| EXERCISE AIM |
Set down only these lines, exactly: the line containing "Genesis EQ900 - Vista 8" and all lines through the end of the data below. Omit pictures.

| EXERCISE MATERIALS |
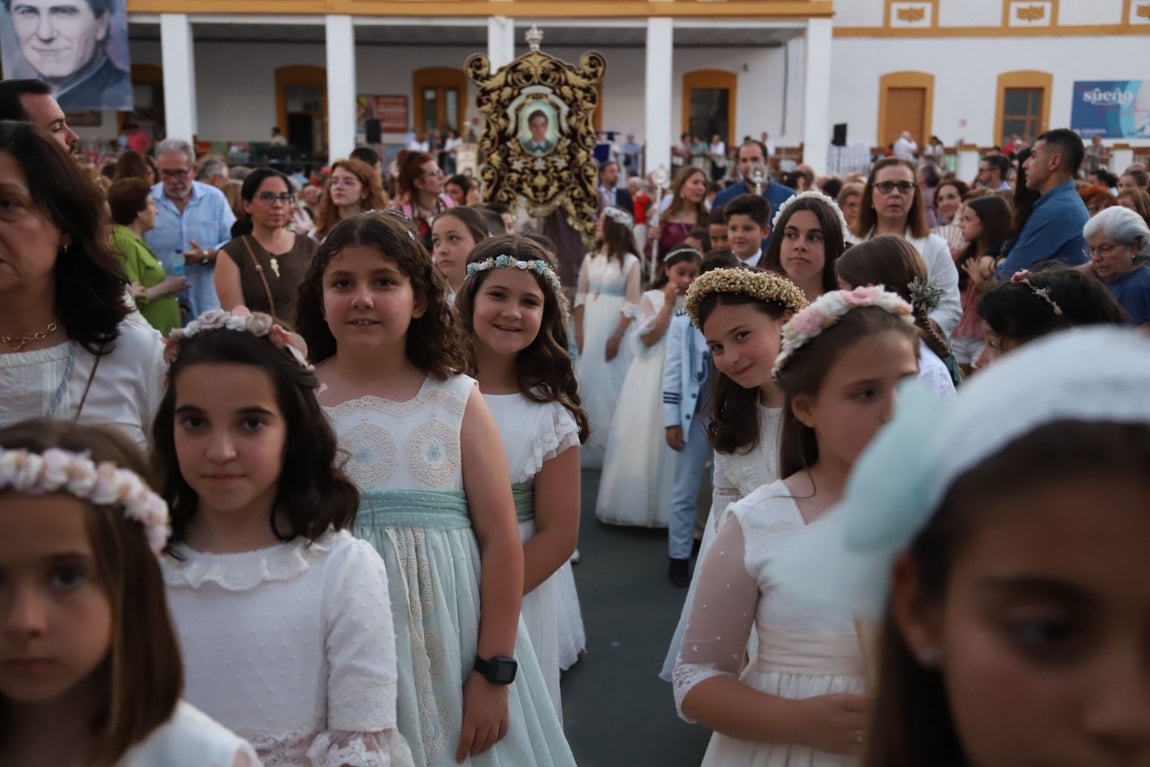 La procesión y la misa de María Auxiliadora de Córdoba, en imágenes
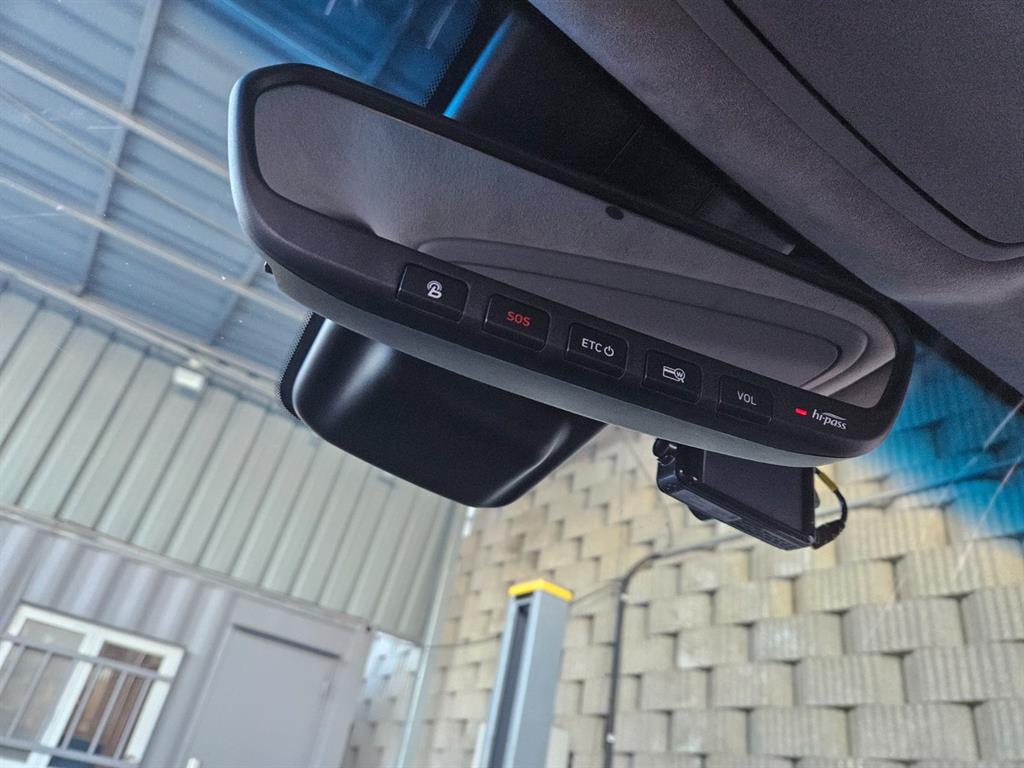 Genesis EQ900 - Vista 8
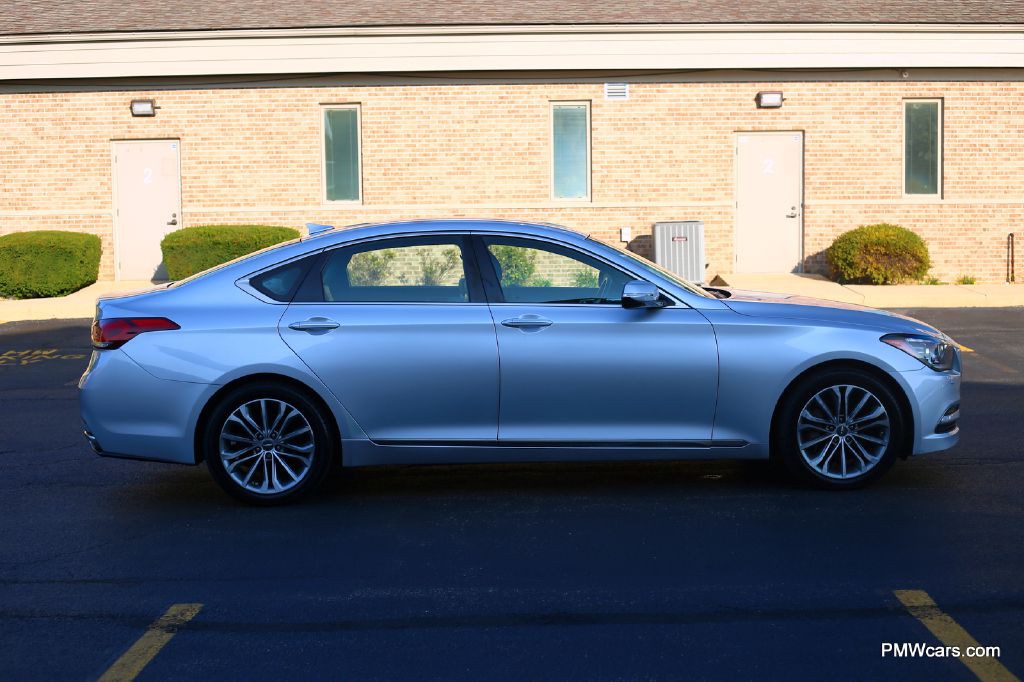 2017 Genesis G80 Image 10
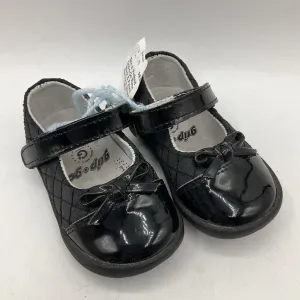Size 4: Pediped Grip-n-Go Matte Black & Patent Mary Jane Shoes NEW Antibacterial Training Sneakers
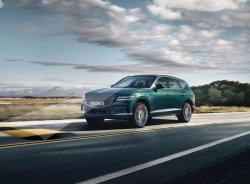 Кроссовер Genesis GV80 представлен публике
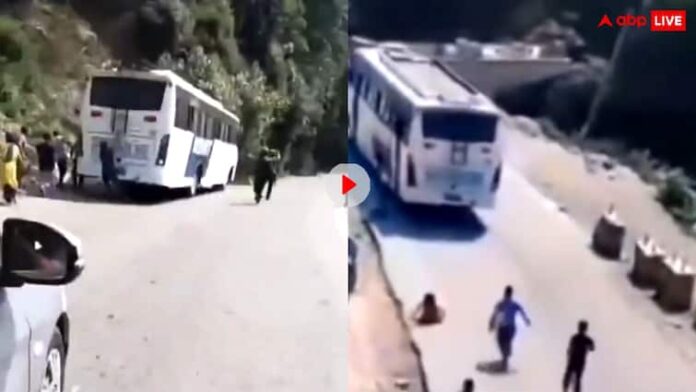 Brakes of the Bus Failed in Amarnath Due to Which the Lives of 40 People Were in Trouble Video Viral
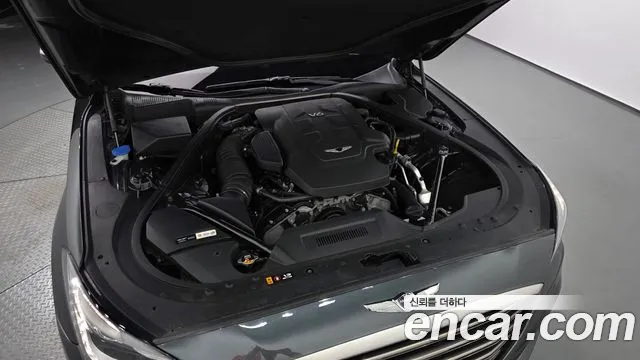 Genesis G80 2018 thumb 6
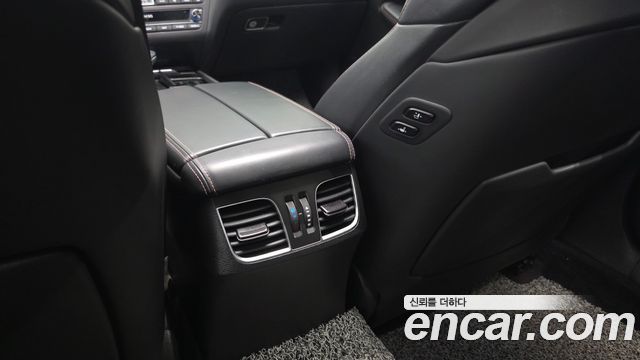 Genesis G80 2019 — photo 32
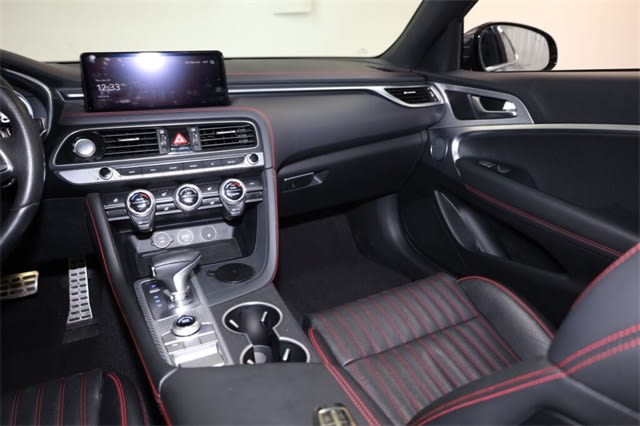 Thumbnail: 2022 Genesis G70 - 14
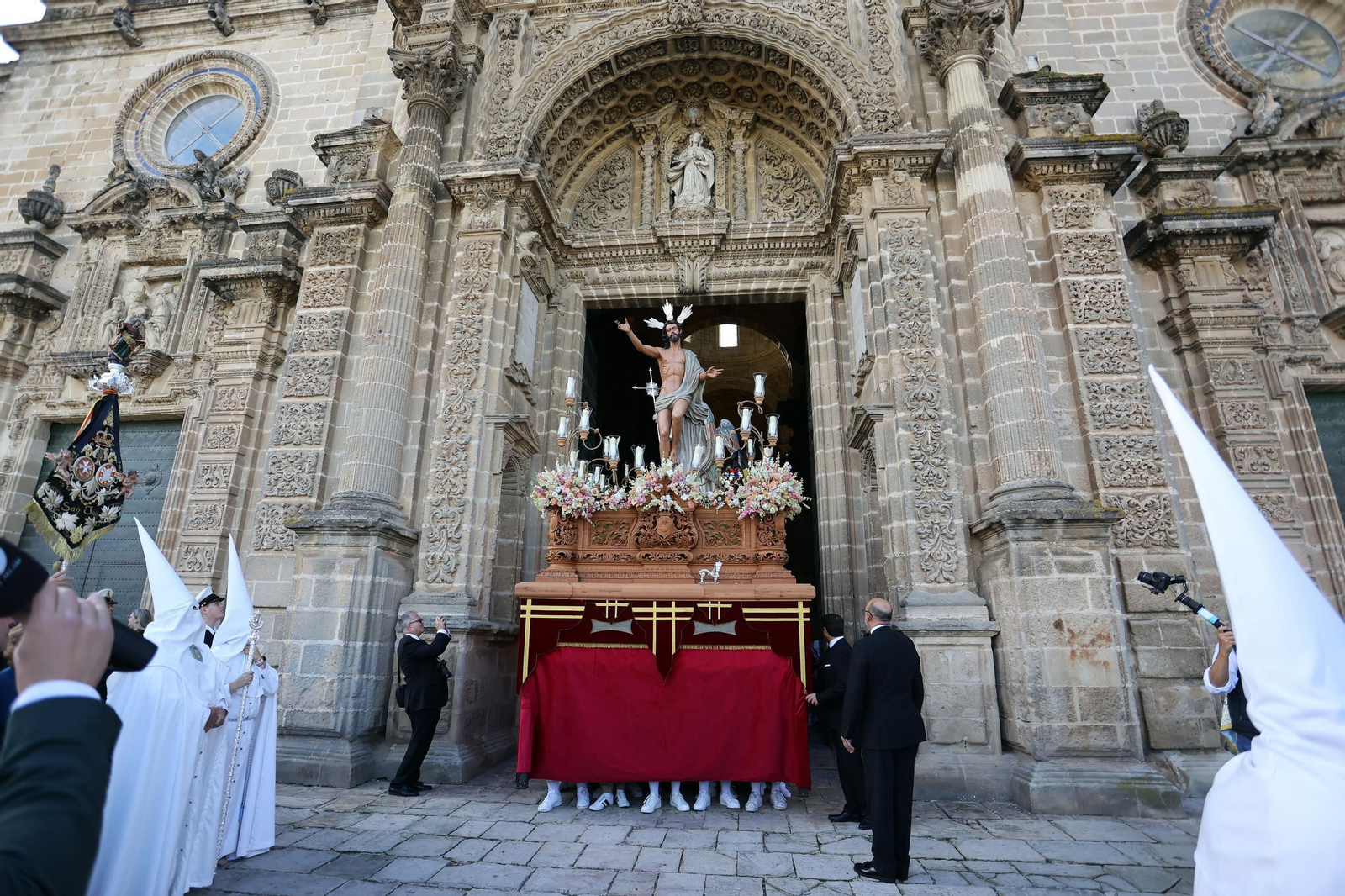 Imágenes de la Hermandad del Resucitado en el Domingo de Resurrección de Jerez 2025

| EXERCISE RESPONSE |
 Genesis EQ900 - Vista 8
 2017 Genesis G80 Image 10
Size 4: Pediped Grip-n-Go Matte Black & Patent Mary Jane Shoes NEW Antibacterial Training Sneakers
 Кроссовер Genesis GV80 представлен публике
 Brakes of the Bus Failed in Amarnath Due to Which the Lives of 40 People Were in Trouble Video Viral
 Genesis G80 2018 thumb 6
 Genesis G80 2019 — photo 32
 Thumbnail: 2022 Genesis G70 - 14
 Imágenes de la Hermandad del Resucitado en el Domingo de Resurrección de Jerez 2025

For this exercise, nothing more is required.